Records provided Start Marker
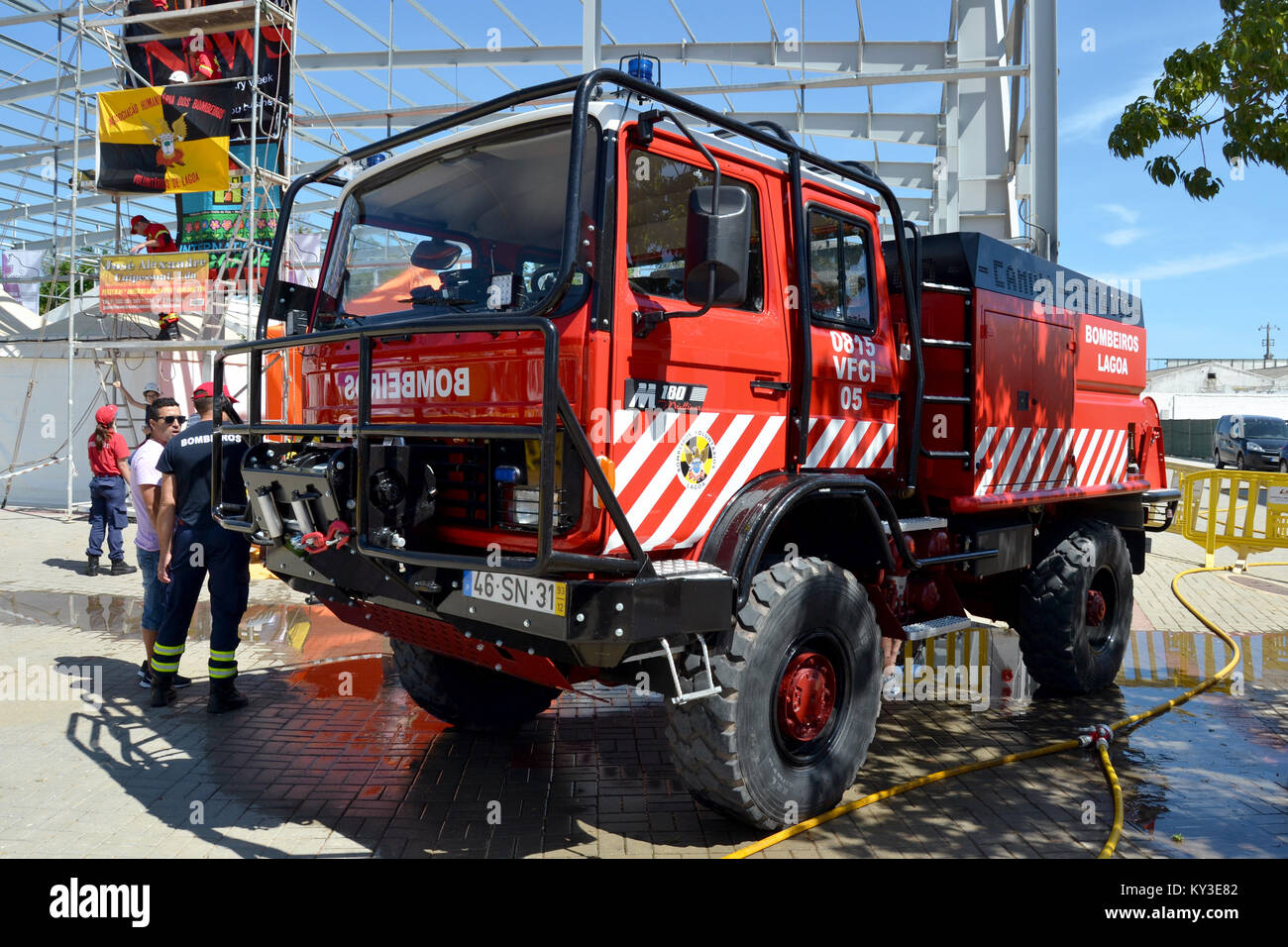 Il Portogallo, Algarve, Lagoa, circa 04.06.2017. Nuovissimo motore Fire che viene visualizzata in un locale fiera internazionale. Foto Stock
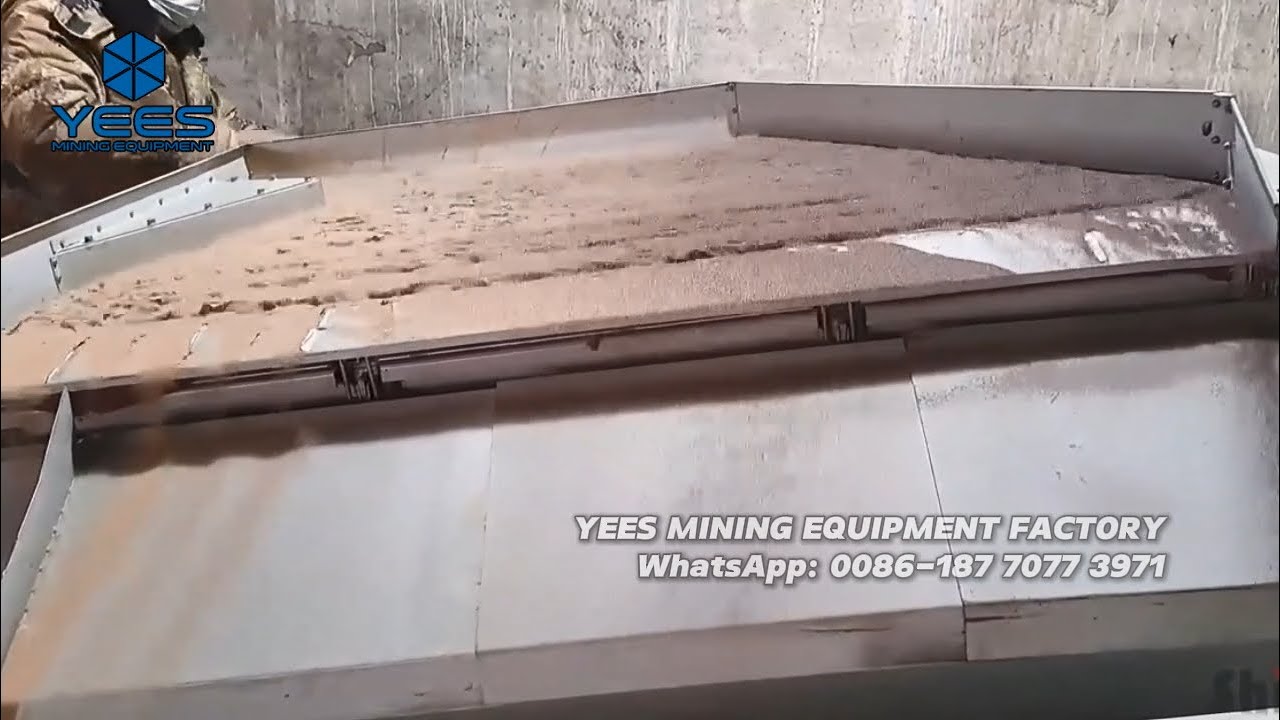 Dry type mineral gravity separation shaker table air shaking table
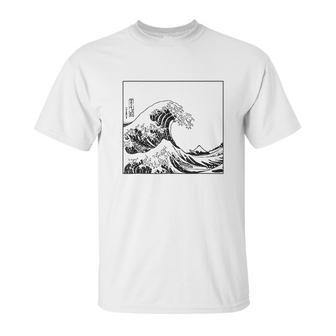 The Great Wave Off Kanagawa Unisex T-Shirt | Favorety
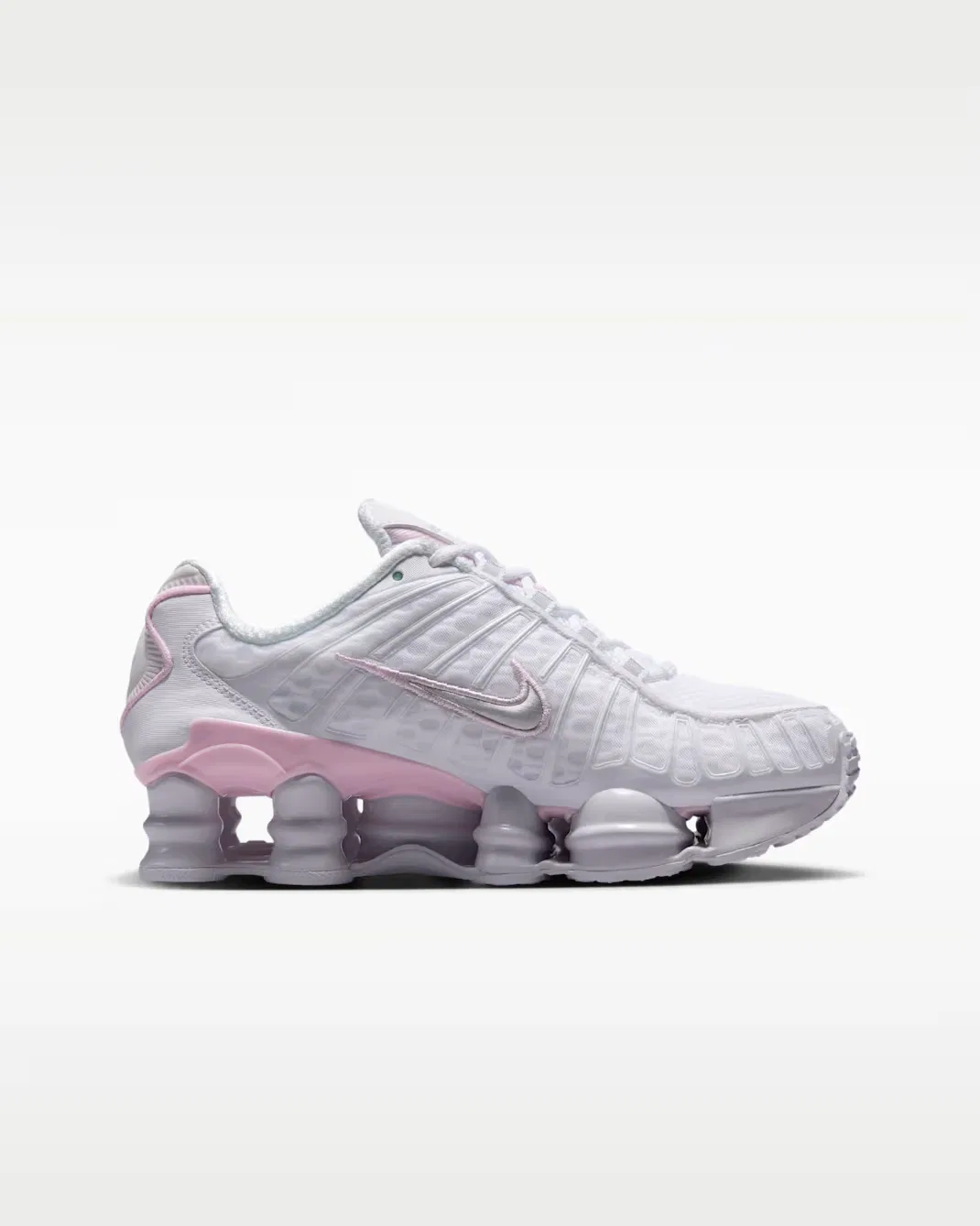 Кроссовки для детей постарше Nike Shox TL, White/Pink Foam/Metallic Silver — фото 3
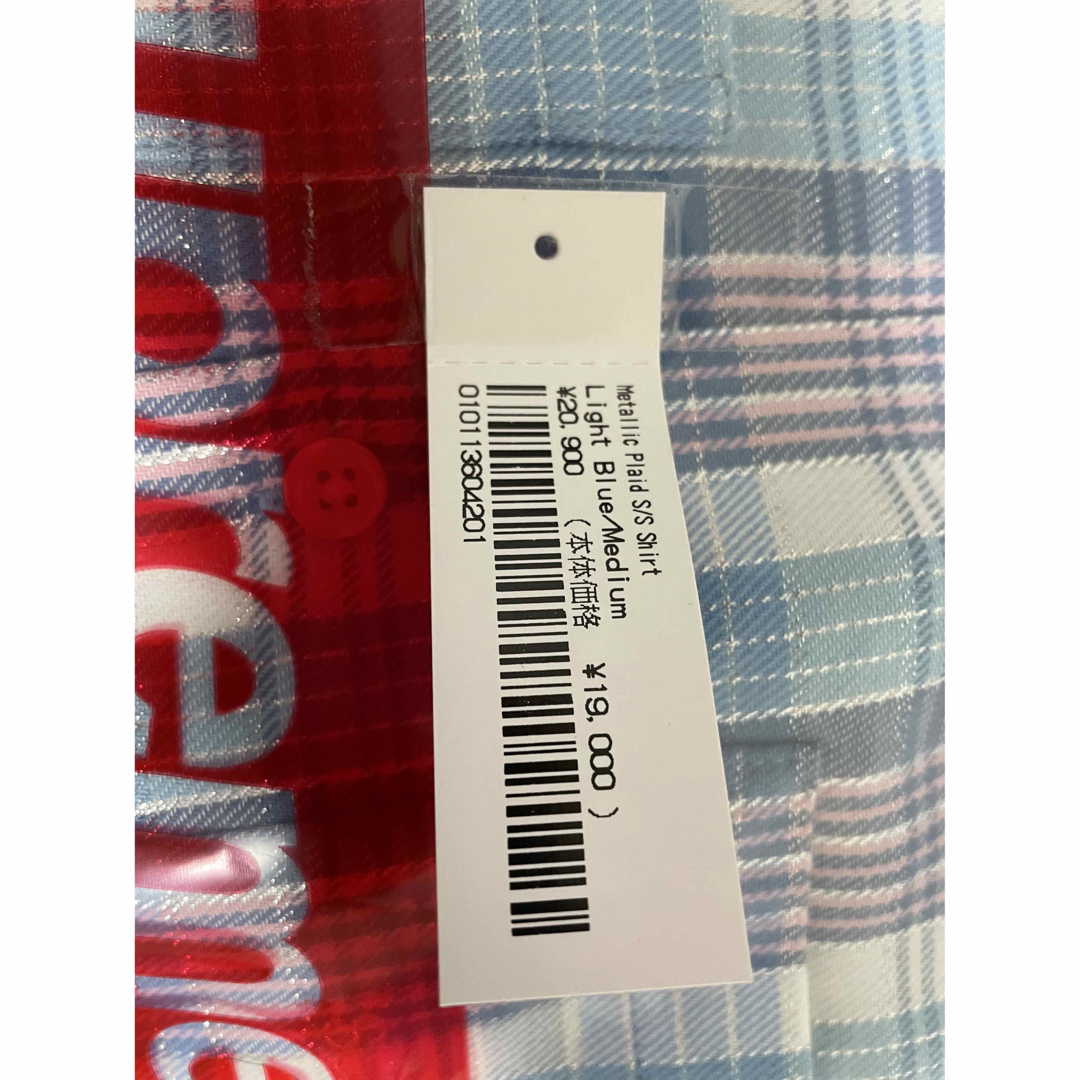 supreme metallic plaid s/s shirt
Records provided End Marker
**Exercise instructions:** Word-for-word repeat, images excluded: return all the data.

**Written solution:**
 Il Portogallo, Algarve, Lagoa, circa 04.06.2017. Nuovissimo motore Fire che viene visualizzata in un locale fiera internazionale. Foto Stock
 Dry type mineral gravity separation shaker table air shaking table
 The Great Wave Off Kanagawa Unisex T-Shirt | Favorety
 Кроссовки для детей постарше Nike Shox TL, White/Pink Foam/Metallic Silver — фото 3
 supreme metallic plaid s/s shirt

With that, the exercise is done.